Micelio
STP7868-2014Corte Suprema de Justicia · Sala Tutelas2014

Magistrado ponente: Patricia Salazar Cuéllar

CORTE SUPREMA DE JUSTICIA República de Colombia Corte Suprema de Justicia Proceso de Tutela Radicación 73.994 Impugnación Alfredo Morales Barros CORTE SUPREMA DE JUSTICIA SALA DE CASACIÓN PENAL SALA DE DECISIÓN DE TUTELAS No. 3 PATRICIA SALAZAR CUÉLLAR MAGISTRADA PONENTE STP7868-2014 Radicación No. 73.994 Acta No.188 Bogotá D. C., diecisiete (17) de junio de dos mil catorce (2014) VISTOS Se pronuncia la Sala sobre la impugnación instaurada por el apoderado judicial de ALFREDO MORALES BARROS, frente al fallo proferido el 23 de abril de 2014 por la SALA DE CASACIÓN LABORAL DE LA CORTE SUPREMA DE JUSTICIA, mediante el cual negó las pretensiones de la demanda formulada contra la SALA LABORAL DEL TRIBUNAL SUPERIOR DE BARRANQUILLA y el JUZGADO NOVENO LABORAL DE DEL CIRCUITO de esa ciudad, por la presunta vulneración de sus derechos fundamentales.

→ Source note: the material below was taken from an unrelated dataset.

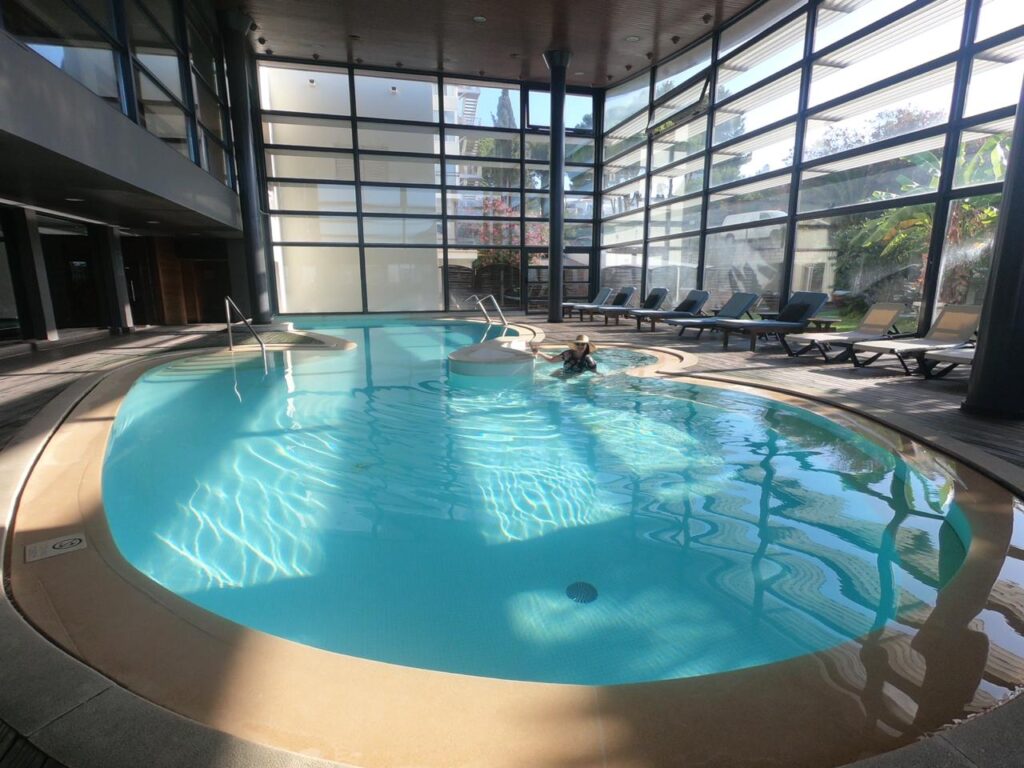 Piscina do hotel pestana no alvor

ANTECEDENTES Y FUNDAMENTOS DE LA ACCIÓN Fueron sintetizados por la Sala de Casación Laboral, en el fallo de primer grado así: Adujo el actor que promovió proceso ordinario laboral contra Colpensiones, con el fin de obtener el incremento pensional del 14% por cónyuge a cargo; del asunto conoció el Juzgado Noveno Laboral del Circuito de Barranquilla, despacho que mediante providencia de 9 de julio de 2013, declaró probada la excepción de prescripción y absolvió a la entidad demandada de todas las pretensiones impetradas; al desatar el recurso de apelación interpuesto, la Sala Laboral del Tribunal Superior de Barranquilla, confirmó la decisión impugnada.

En criterio del accionante, las decisiones judiciales proferidas por las autoridades judiciales accionadas, desconocen sus derechos fundamentales al debido proceso, seguridad social, mínimo vital y móvil e igualdad, toda vez que la Corte Constitucional ha reconocido la imprescriptibilidad e irrenunciabilidad de los incrementos por cónyuge a cargo, «incurriendo en una causal específica de procedibilidad por defecto sustantivo en la modalidad de desconocimiento del precedente judicial sentado».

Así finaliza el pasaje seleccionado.